# DIRECTIONS
Copy each of the records exactly; leave nothing out.

□ □ □

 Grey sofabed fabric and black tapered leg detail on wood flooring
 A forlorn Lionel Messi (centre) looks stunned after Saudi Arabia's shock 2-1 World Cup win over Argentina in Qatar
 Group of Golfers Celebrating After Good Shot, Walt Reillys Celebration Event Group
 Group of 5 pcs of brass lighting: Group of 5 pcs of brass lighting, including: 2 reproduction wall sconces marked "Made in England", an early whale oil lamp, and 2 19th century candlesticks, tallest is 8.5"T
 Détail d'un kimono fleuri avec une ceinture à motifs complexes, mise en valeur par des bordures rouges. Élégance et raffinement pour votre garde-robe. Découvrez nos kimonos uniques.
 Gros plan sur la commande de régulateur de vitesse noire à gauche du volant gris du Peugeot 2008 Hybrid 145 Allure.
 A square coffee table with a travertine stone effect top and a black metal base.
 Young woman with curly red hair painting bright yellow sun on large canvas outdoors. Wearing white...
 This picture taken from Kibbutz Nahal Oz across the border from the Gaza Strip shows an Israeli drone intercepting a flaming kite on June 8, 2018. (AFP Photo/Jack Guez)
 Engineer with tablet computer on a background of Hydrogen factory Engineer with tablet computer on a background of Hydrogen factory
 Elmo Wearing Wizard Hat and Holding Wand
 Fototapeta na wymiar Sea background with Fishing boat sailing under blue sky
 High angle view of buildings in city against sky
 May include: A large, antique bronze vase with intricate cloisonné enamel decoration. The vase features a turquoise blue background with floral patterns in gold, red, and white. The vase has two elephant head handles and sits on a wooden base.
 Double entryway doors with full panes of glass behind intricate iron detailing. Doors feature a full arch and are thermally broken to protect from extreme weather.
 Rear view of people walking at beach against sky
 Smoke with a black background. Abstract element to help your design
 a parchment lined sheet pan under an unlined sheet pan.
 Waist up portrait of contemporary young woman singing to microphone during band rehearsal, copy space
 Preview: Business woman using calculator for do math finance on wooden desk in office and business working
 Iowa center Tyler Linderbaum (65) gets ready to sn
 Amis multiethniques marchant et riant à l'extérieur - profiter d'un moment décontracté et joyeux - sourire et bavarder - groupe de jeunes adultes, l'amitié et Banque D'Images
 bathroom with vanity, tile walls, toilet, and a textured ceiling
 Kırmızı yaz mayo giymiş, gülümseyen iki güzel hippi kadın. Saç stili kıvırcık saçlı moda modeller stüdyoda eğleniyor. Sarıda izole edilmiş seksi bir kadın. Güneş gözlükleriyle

□ □ □

# ANSWER TO THIS TASK
 Grey sofabed fabric and black tapered leg detail on wood flooring
 A forlorn Lionel Messi (centre) looks stunned after Saudi Arabia's shock 2-1 World Cup win over Argentina in Qatar
 Group of Golfers Celebrating After Good Shot, Walt Reillys Celebration Event Group
 Group of 5 pcs of brass lighting: Group of 5 pcs of brass lighting, including: 2 reproduction wall sconces marked "Made in England", an early whale oil lamp, and 2 19th century candlesticks, tallest is 8.5"T
 Détail d'un kimono fleuri avec une ceinture à motifs complexes, mise en valeur par des bordures rouges. Élégance et raffinement pour votre garde-robe. Découvrez nos kimonos uniques.
 Gros plan sur la commande de régulateur de vitesse noire à gauche du volant gris du Peugeot 2008 Hybrid 145 Allure.
 A square coffee table with a travertine stone effect top and a black metal base.
 Young woman with curly red hair painting bright yellow sun on large canvas outdoors. Wearing white...
 This picture taken from Kibbutz Nahal Oz across the border from the Gaza Strip shows an Israeli drone intercepting a flaming kite on June 8, 2018. (AFP Photo/Jack Guez)
 Engineer with tablet computer on a background of Hydrogen factory Engineer with tablet computer on a background of Hydrogen factory
 Elmo Wearing Wizard Hat and Holding Wand
 Fototapeta na wymiar Sea background with Fishing boat sailing under blue sky
 High angle view of buildings in city against sky
 May include: A large, antique bronze vase with intricate cloisonné enamel decoration. The vase features a turquoise blue background with floral patterns in gold, red, and white. The vase has two elephant head handles and sits on a wooden base.
 Double entryway doors with full panes of glass behind intricate iron detailing. Doors feature a full arch and are thermally broken to protect from extreme weather.
 Rear view of people walking at beach against sky
 Smoke with a black background. Abstract element to help your design
 a parchment lined sheet pan under an unlined sheet pan.
 Waist up portrait of contemporary young woman singing to microphone during band rehearsal, copy space
 Preview: Business woman using calculator for do math finance on wooden desk in office and business working
 Iowa center Tyler Linderbaum (65) gets ready to sn
 Amis multiethniques marchant et riant à l'extérieur - profiter d'un moment décontracté et joyeux - sourire et bavarder - groupe de jeunes adultes, l'amitié et Banque D'Images
 bathroom with vanity, tile walls, toilet, and a textured ceiling
 Kırmızı yaz mayo giymiş, gülümseyen iki güzel hippi kadın. Saç stili kıvırcık saçlı moda modeller stüdyoda eğleniyor. Sarıda izole edilmiş seksi bir kadın. Güneş gözlükleriyle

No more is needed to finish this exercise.